15 Comments

  1. McPherson seems to have pulled those numbers out of a hat (or an unmentionable part of his anatomy). 22321 days is over 61 years, which is way too long for any activity (with the possible exception of “breathing”). If we feel charitable, the comma might be a decimal point, but 22.3 days is way too short (that would be two minutes of commuting per day over a 45 year career). Compare this to 979 days, which works out to 53 minutes of shaving per day over a 72 year lifetime.
    P.S. I have now wasted more time dissecting this comic than McPherson spent in thinking it up.

  2. My immediate thought was, is he counting the time spent standing in _this_ line (that the person being reviewed just got to the head of)? No way to tell, but it’s interesting either way…

  3. I did the same calculations Kilby did and also realized that the numbers made no sense.

    St. Peter is supposed to review the good and bad things you did to see if you’re eligible for Heaven (as I understand it). I think the attempt at humor is that he’s instead reviewing minutia. Or maybe it has to do with that last category. If he does this with everyone, they’re all going to be standing in that line for a lo-o-o-ng time.

    And I’m not going to change any of what I said just because jjmcgaffey beat me to it.

  4. Two people saying the numbers don’t make any sense but neither mentioning the total. 57,616 days, as mentioned here, would mean this person lived to be 157.75 years old, assuming they did nothing else. 30 years just on mowing the lawn seems way out of wack.

    I expect The Moody Blues selected 22,000 days because it scanned well in the song, but it’s closer to a human lifetime than this comic.

  5. And, on the subject of classic rock songs and statistics, “Don’t Fear the Reaper” states that 40,000 people die every day. In 1976, the real number was about 140,000.

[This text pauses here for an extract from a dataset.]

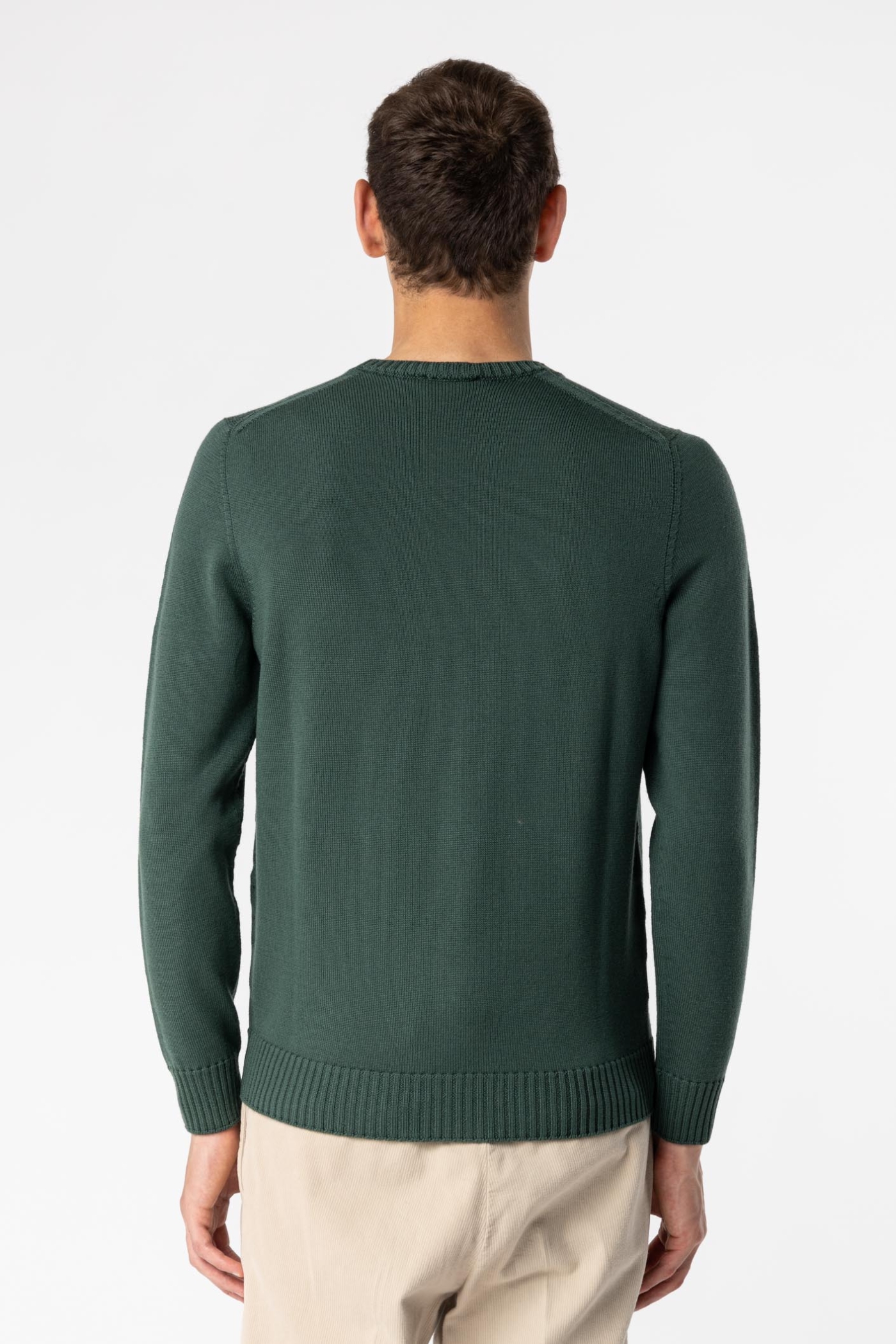 Wool Crew Neck Sweater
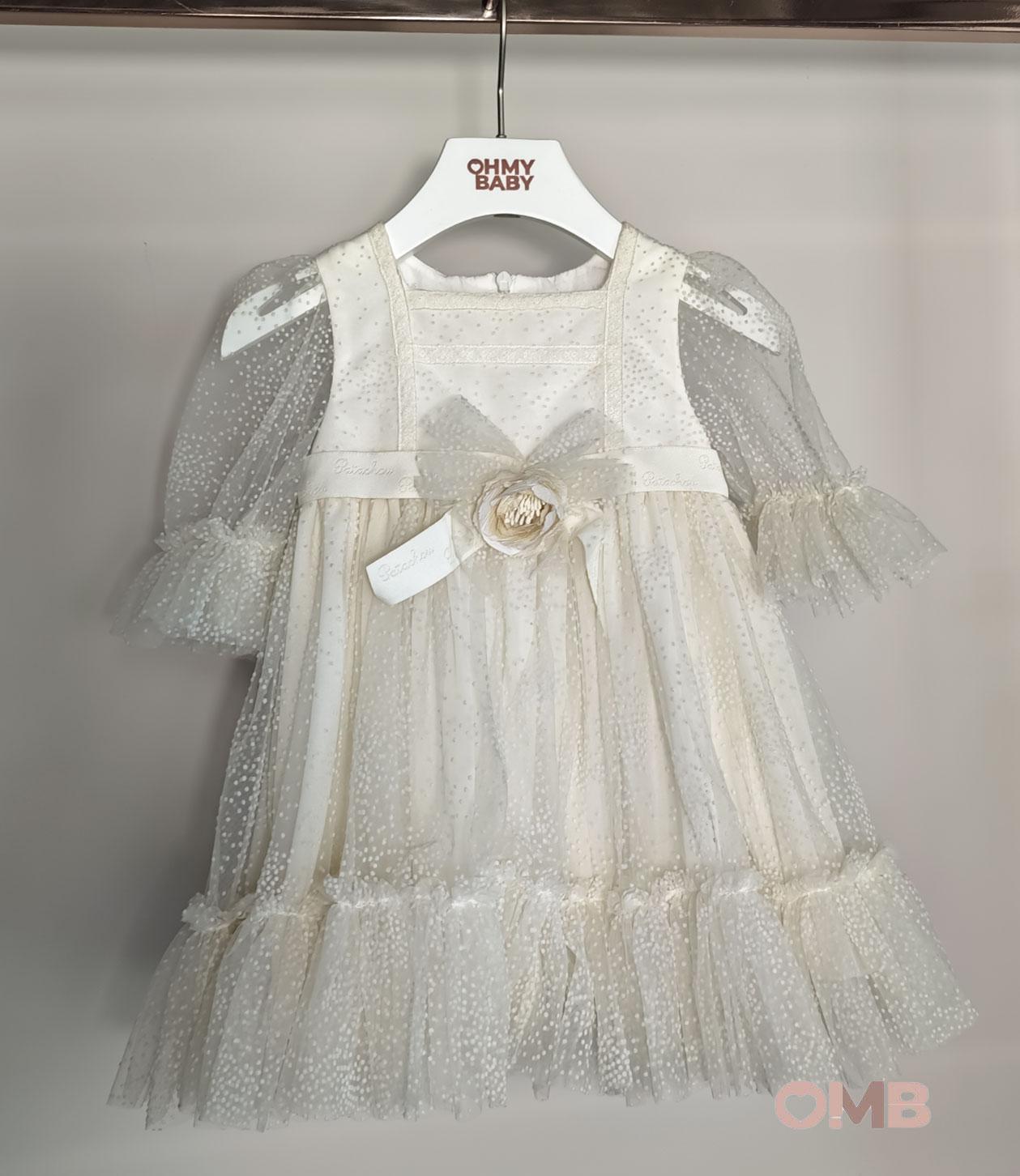 Abito neonata PATACHOU VET3633289 Rosa VET3633289 060 PATACHOU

  6. No, the numbers are not even near plausible.

    And I can’t see how this accounting fits with the traditional entrance exam procedures. Maybe “voluntarily wasting your time on useless pleasures” would be sinful, but not really “being obliged to waste time in necessary chores”.

  7. My first through was how wrong the ratio of the amount of time on each task ends up being. Spending half the time you work mowing the lawn? Standing in line is equal to 2/3 of your work time? If you work 40 hours/week, that would mean standing in line 26 hours a week and mowing the lawn 20 hours/week on average, which would generally mean even more hours in the summer months.

  8. Why are they still using a CRT monitor in heaven? Shouldn’t they have converted to a flat screen by now?

  9. Well, those of us who work from home might hit the “two minutes a day” mark. But yeah.
    (Semi-related: company sent email saying that mileage would only be reimbursed for travel further than our normal commute. Friend suggested I start charging mileage for when I walk to my mailbox to pick up my pay stub.)

  10. You don’t even have to do the math to show this makes no sense. Over ten times longer mowing the lawn than shaving? The guy must have had a giant shaggy lawn and a tiny un-shaggy beard.

  11. Numbers shmumbers. I choose to believe my full beard and lawn-free house are adding decades to my useful life.